Dear JMP Community,
Machine info: W7 Enterprise 64-bit, JMP Pro 14.1.0
I am interested in transforming a column of data to help highlight the distribution in values within binning ranges. The original data are integers and more or less normally distributed (see Y3 distribution below), but I'd like to transform the data in such a way that it takes the data in a bin range and spreads it out so as to better capture the range of data within a bin (see Y2 distribution). I am including several images to help explain what I'm trying to do -- they are artificial images showing the link, just there to show the desired outcome.
I don't think it's something quite as easy as doing a "center" or "standardize" transformation as neither of those really spread out the data enough (see the highlighted portions in the images). Nor do the Box Cox, or the log transforms.
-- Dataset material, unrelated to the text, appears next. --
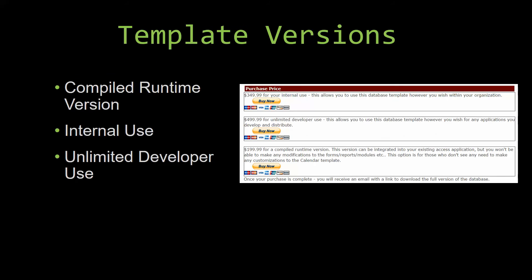With most of our templates that we offer, there are three different versions that you can purchase: a compiled runtime version, one for internal use, and one for unlimited developer use.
Maybe it's something that would require more than one transformation?
Any suggestions are much appreciated.
If you want to look at a specific range of the data in a histogram, and to change it's binning precision level, you can easily do that by interactively stretching the axis scale and then using the Hand tool, the bin sizes can be changed.
Is this what you are needing to do?
Thanks for the feedback. Yeah, I have looked into that, but it's not really what I'm after.
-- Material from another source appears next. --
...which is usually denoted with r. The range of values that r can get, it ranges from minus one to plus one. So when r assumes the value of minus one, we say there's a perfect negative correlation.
What I think I need to do is actually transform the data, but I'm not sure what the best way to do it is. If I try the "standard" options of transforming the data, the resulting distributions don't distribute out the data across a broader range.
For example, in the last set of distribution images I posted, the highlighted bin contains only 3 different integer values within that bin (65, 66, 67) [it's hard to see, I know]. But, what I'd like to do is transform it so that it has more of a continuous distribution from say, 0 to 10. If I transform the data with a log (ln) function, it still is only binning those three integers into three new non-integer rational numbers, not transforming the integer into a continuous distribution.
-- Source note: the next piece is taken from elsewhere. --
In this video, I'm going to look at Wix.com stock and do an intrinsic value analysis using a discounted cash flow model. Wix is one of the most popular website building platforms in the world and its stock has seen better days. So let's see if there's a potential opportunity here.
I think what I'd like to do is transform the integers, e.g. all values of 66, into a continuous distribution, but do this to the entire set of integers, which span the range 27 to 90. Is there a way to transform integers into a probability?
Thanks for the feedback and help!,
I don't think there is any "best" way to do what you want to do. Since you are *ADDING* variability, you will need to make some assumptions. For example, suppose the value is 65. We have to assume that the 65 is "correct" but greater precision is not available due to measurement error (or reporting round-off or something like that). One way to accomplish this is to create a column of random normal variables with a mean of zero and a standard deviation of approximately 0.33. Now add this column of random numbers to your integer values. This should "convert" the integers into a continuous scale. I used a standard deviation of 0.33 because 3*.33 is 1, so it should be adding numbers roughly between -1 and +1. Therefore, you should still be reasonably close to the integer value.
As a proof of concept, I created a column of 100 integers, called X. I created the RanNor column as a set of random normal numbers. Finally NewX is simply X + RanNor. Here are the results:
NewX has a very similar shape to X, but you can see by the statistics that it does indeed have some "additional" variability without massively altering the statistics of the original data.
Is this what you are looking for??
I should add that the histograms should look similar since the purpose is to change the data, but not so much as to alter the message the data convey. To show more of the bars like you wanted in your original post, you will need to change the bin width as TXNelson suggested. Then you will see the spread around each of the integer values.
It sounds like what you need to do, is to use the ability in JMP to generate your own graph, of whatever design you want it to be. You use JSL for this.
And yes, you can get the probability of a given distribution by using Normal Distribution() function or the xxx Distribution() function for the distribution you are interested in. Here is an example of the Normal Distribution() function
Names Default To Here( 1 ); New Window( "Example: Normal Distribution", y = Graph Box( Y Scale( 0, 1 ), X Scale( -4, 4 ), XName( "q" ), Pen Color( "red" ); Y Function( Normal Distribution( q ), q ); ) );
Your suggestions were very helpful, and I do believe this is the direction I need to go.
I'm thinking that I might need to modify things a bit, though. I'm thinking that in order to best try and preserve the distribution of the original data, to try and do something like you suggest, but with a normal mixture function instead. As @txnelson pointed out, I am basically trying to take my CDF, which shows the integer property of my data as a stepped-CDF, and turn it into a continuous function.
I can get the location, dispersion, and probability values of a normal 3-mixture fit (from the continuous fit option in the distribution platform) and use those as the vector inputs to the normal mixture function, but I'm not sure if this is appropriate. For example, I'm not sure if I should work off the original data, a standardized version of it, or a centered version. All version result in a normal 3 mixture as the best fit, but with different dispersions and locations (probabilities are all the same, which is not too surprising.
Ultimately, I need to take the final distribution and feed it to a logist function so I can get a probability of an event as either a yes/no and evaluate the IfMax of the yes/no logist functions (there are too many levels in my column to assign a profit matrix to the data).
Thanks for your feedback and input as it helps to ponder the best approach for analyzing my data.